[[ INPUT, beginning ]]
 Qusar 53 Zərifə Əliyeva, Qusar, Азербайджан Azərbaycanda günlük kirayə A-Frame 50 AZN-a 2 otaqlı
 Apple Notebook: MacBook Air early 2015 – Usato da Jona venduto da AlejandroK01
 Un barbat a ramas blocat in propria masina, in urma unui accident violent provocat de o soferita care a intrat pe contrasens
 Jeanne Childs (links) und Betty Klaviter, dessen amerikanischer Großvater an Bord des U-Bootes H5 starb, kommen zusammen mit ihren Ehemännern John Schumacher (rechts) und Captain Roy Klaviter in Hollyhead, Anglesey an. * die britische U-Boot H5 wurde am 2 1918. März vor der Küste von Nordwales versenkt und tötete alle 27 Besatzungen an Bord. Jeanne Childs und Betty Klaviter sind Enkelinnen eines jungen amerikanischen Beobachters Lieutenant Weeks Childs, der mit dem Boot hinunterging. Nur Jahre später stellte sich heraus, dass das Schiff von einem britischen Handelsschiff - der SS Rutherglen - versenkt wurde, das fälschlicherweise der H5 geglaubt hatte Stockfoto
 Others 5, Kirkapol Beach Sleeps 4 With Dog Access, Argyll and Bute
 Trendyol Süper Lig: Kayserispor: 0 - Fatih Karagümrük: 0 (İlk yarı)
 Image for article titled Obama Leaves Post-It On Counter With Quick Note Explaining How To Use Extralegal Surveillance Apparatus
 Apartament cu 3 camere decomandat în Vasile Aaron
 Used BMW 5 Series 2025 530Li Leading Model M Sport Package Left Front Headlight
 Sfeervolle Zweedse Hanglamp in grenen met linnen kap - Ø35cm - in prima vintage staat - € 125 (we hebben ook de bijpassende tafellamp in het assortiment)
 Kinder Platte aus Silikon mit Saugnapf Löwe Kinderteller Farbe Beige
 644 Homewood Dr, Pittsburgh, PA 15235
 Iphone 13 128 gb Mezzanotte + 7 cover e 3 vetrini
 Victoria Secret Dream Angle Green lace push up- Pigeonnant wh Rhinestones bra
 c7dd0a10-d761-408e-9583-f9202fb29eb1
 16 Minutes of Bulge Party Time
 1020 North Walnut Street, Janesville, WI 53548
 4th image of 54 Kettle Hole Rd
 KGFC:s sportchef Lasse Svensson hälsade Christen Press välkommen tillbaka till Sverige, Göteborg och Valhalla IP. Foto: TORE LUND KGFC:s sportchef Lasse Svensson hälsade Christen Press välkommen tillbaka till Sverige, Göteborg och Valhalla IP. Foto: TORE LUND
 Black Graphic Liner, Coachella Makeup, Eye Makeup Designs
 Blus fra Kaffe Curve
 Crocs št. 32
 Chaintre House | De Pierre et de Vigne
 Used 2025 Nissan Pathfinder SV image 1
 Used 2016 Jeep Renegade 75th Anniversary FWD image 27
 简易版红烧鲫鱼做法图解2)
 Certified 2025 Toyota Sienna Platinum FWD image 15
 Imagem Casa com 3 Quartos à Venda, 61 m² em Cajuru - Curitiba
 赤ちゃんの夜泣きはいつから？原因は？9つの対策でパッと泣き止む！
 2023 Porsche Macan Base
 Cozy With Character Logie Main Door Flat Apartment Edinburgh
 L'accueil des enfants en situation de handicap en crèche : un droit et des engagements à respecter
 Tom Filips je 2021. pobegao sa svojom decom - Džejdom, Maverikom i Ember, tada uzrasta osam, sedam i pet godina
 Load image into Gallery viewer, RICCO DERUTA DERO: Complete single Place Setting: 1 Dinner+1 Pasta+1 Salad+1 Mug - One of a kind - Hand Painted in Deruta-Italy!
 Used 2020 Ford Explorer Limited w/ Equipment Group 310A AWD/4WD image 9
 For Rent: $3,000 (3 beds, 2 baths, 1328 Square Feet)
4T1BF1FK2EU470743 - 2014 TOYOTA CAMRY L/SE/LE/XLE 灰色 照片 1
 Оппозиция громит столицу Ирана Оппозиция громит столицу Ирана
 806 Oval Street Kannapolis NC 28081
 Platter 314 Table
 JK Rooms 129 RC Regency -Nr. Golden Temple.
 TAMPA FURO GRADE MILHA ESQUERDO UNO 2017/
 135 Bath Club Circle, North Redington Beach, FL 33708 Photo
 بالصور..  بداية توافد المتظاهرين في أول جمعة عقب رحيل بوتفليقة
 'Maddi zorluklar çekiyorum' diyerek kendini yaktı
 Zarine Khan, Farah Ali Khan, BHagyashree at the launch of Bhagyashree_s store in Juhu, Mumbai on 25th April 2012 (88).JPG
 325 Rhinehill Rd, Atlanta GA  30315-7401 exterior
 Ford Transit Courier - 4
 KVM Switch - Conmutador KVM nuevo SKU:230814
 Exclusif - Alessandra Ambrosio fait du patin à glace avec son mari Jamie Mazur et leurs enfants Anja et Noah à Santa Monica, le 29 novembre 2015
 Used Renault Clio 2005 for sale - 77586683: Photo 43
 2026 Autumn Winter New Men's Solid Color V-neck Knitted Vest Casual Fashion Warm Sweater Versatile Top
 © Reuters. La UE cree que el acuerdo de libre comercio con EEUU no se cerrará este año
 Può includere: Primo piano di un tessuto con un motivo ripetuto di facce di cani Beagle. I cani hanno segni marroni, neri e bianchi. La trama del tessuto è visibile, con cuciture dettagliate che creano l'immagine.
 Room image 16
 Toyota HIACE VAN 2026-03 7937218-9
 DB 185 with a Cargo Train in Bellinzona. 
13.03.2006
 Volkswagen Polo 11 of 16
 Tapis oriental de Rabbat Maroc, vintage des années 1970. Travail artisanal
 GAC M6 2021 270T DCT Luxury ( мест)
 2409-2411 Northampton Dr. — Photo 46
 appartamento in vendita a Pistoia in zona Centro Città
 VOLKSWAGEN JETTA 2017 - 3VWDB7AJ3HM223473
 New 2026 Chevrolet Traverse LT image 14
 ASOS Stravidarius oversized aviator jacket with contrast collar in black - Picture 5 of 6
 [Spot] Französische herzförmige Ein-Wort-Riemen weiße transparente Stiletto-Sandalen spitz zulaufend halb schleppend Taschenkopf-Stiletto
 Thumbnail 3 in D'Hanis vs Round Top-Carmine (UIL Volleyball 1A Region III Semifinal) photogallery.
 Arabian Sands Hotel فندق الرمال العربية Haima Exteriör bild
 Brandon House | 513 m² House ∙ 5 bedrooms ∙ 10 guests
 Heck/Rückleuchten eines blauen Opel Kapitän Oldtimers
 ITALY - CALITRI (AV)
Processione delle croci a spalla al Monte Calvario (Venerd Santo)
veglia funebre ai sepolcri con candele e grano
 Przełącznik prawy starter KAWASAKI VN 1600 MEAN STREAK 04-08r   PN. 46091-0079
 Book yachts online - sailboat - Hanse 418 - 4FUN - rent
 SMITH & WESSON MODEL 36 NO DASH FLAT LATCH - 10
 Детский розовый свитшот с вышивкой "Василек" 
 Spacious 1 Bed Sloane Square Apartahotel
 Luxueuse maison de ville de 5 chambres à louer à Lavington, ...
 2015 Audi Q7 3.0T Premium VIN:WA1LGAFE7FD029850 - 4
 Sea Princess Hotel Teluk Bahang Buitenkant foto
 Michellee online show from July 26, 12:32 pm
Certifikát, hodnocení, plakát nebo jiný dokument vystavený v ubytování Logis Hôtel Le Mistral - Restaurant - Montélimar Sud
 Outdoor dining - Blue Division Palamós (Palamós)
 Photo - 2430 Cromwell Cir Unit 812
[[ INPUT, end ]]
WORK ORDER =
Copy every line in the records above that contains the word "enfants".

ANSWER TO THE EXERCISE =
 L'accueil des enfants en situation de handicap en crèche : un droit et des engagements à respecter
 Exclusif - Alessandra Ambrosio fait du patin à glace avec son mari Jamie Mazur et leurs enfants Anja et Noah à Santa Monica, le 29 novembre 2015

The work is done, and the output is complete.